Naomi Klein reveals (or here) that while James Baker was swanning around the capitals of the world trying to convince governments to take a haircut on the sovereign debt owed to them by Iraq - an effort marked by a notable lack of success - Carlyle, the company of which Baker is a big equity partner and senior counselor, was involved in a consortium which was negotiating with Kuwait to provide a financial structure and PR cover to shield from a similar reduction the war reparations debt owed by Iraq to Kuwait (another member of the consortium is a company owned by Madelaine Albright, famously indifferent in a '60 Minutes' interview to the plight of 500,000 Iraqi children killed by the sanctions, and apparently still thrilled about making a buck off their suffering). In fact, the same day that Baker was officially meeting with Kuwaiti leaders including the Foreign Minister to discuss Kuwait's haircut, Carlyle was delivering its scheme to the same Foreign Minister. Carlyle's services were sold on the crass basis of its ability to peddle influence in Washington, and the timing of Baker's visit must have made Carlyle's abilities abundantly clear to the Kuwaitis. Carlyle was slated to make a huge profit off this scheme, but claimed that somehow Baker wouldn't personally benefit. In the wake of Klein's revelation, and after a few unsuccessful attempts at damage control, Carlyle announced it would play no more part in the consortium.
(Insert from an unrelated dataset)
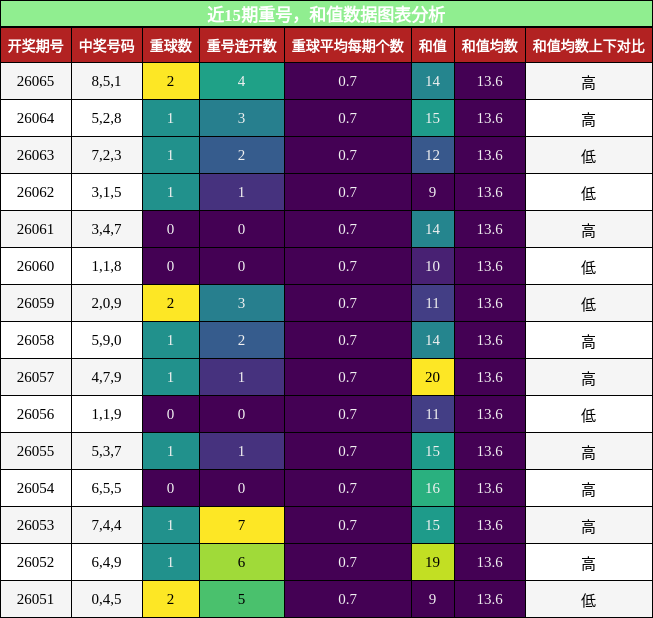 近15期重号，和值数据图表分析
Even by the mega-sleazy standards of the Bush Crime Family, this has to be one of the sleaziest attempts at double-dealing I have ever heard of. Baker used his 'integrity' and 'reputation' to clear the decks of other competing debt payments, while Carlyle fashioned a way to exclude Kuwait from having to participate in the pain felt by countries foolish enough to listen to Baker. Of course, no one was really fooled, which probably explains why Baker has had such a notable lack of success. The victims of this sleaze are the people of Iraq, who will still be burdened with the huge debt run up by Saddam, and the American taxpayers, who will have to fund the impoverished government of Iraq for the foreseeable future.
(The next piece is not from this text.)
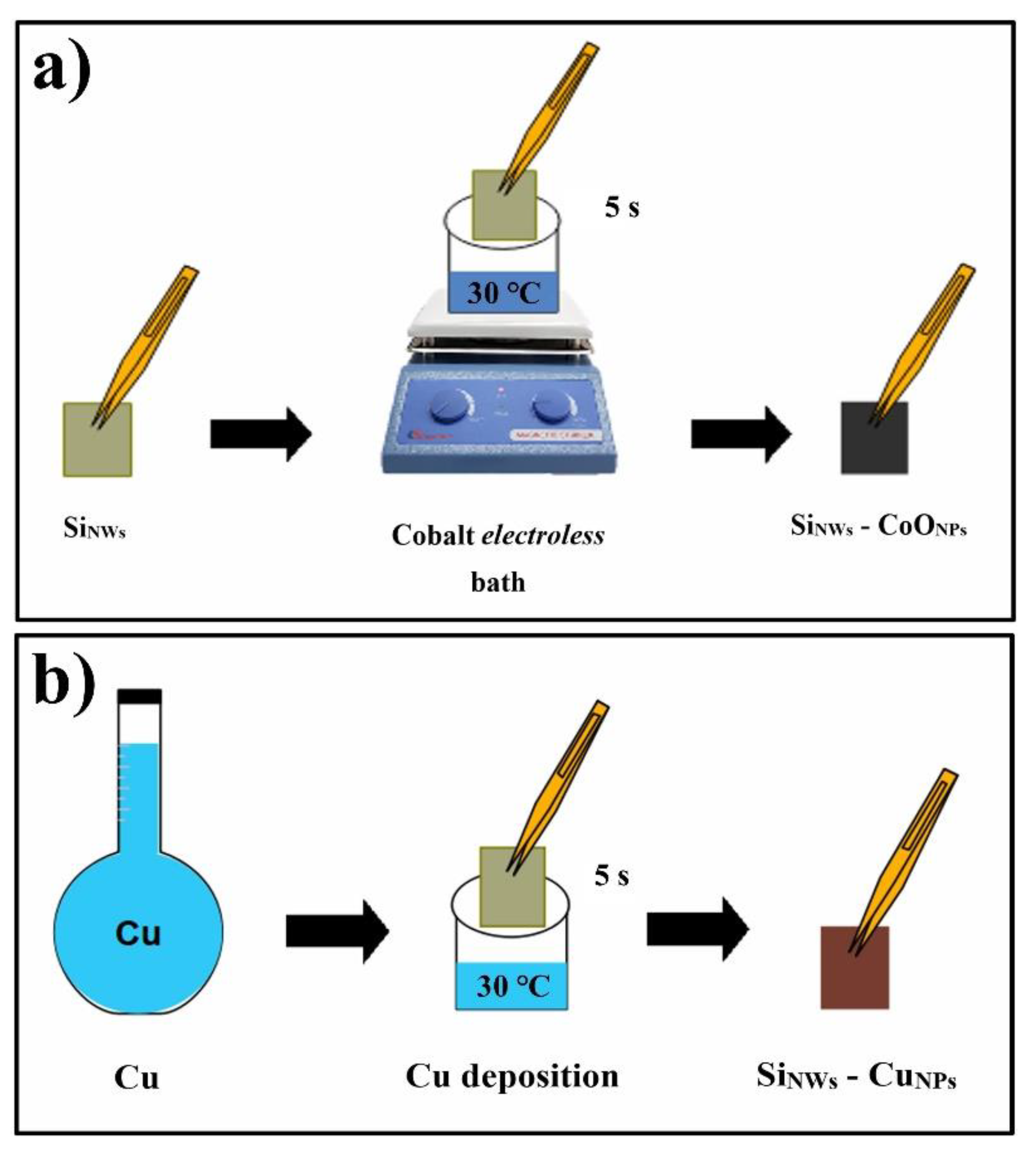 Sustainability 14 13361 g002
The Bush Crime Family has always succeeded in its schemes by the sheer enormity and audacity of the crimes it commits. Who would ever believe that someone of Baker's stature would even dream of such a scam? It reminds me of the great comedy series Father Ted, where Father Ted loses a bet and has to kick Bishop Brennan 'up the arse'. Father Ted is terrified of the Bishop, and terrified at what will happen when he kicks the Bishop, but his idiot sidekick Dougal manages to convince him that the conduct is so outrageously unbelievable that the Bishop will never be able to comprehend it actually happened. This is exactly how it transpires, but, it being Father Ted, things soon go terribly awry. Baker attempted to kick the world community, the people of Iraq, and the American taxpayers 'up the arse'. His double dealing was so completely outside the realm of decency and morality that he thought he could get away with it. This time, he got caught.
The irony is that the scheme was to protect reparations payments to Kuwait. The official American theory is that the United States went into Iraq to liberate the Iraqi people from the dictator Saddam. Surely the Iraqi people should no longer be liable for payments to Iraq which were caused entirely by the actions of Saddam. At least with much of the other sovereign debt, the Iraqi people obtained a benefit from it, and presumably still benefit from whatever was bought with it. In the case of the reparations, the debt is a dead weight on the Iraqi people who cannot logically be held responsible for the actions of a dictator from whom they had to be forcibly liberated by the United States. If Kuwait wants to receive payment of the reparations, it should look to Saddam. Kuwait's reparation payments, and the reparation payments claimed by the long line of corporations identified (or here) by Klein, should be the first debt payments to be wiped clean, even before any of the other sovereign debt disappears.
If you ever have the misfortune of shaking James Baker's hand, be sure to immediately count your fingers.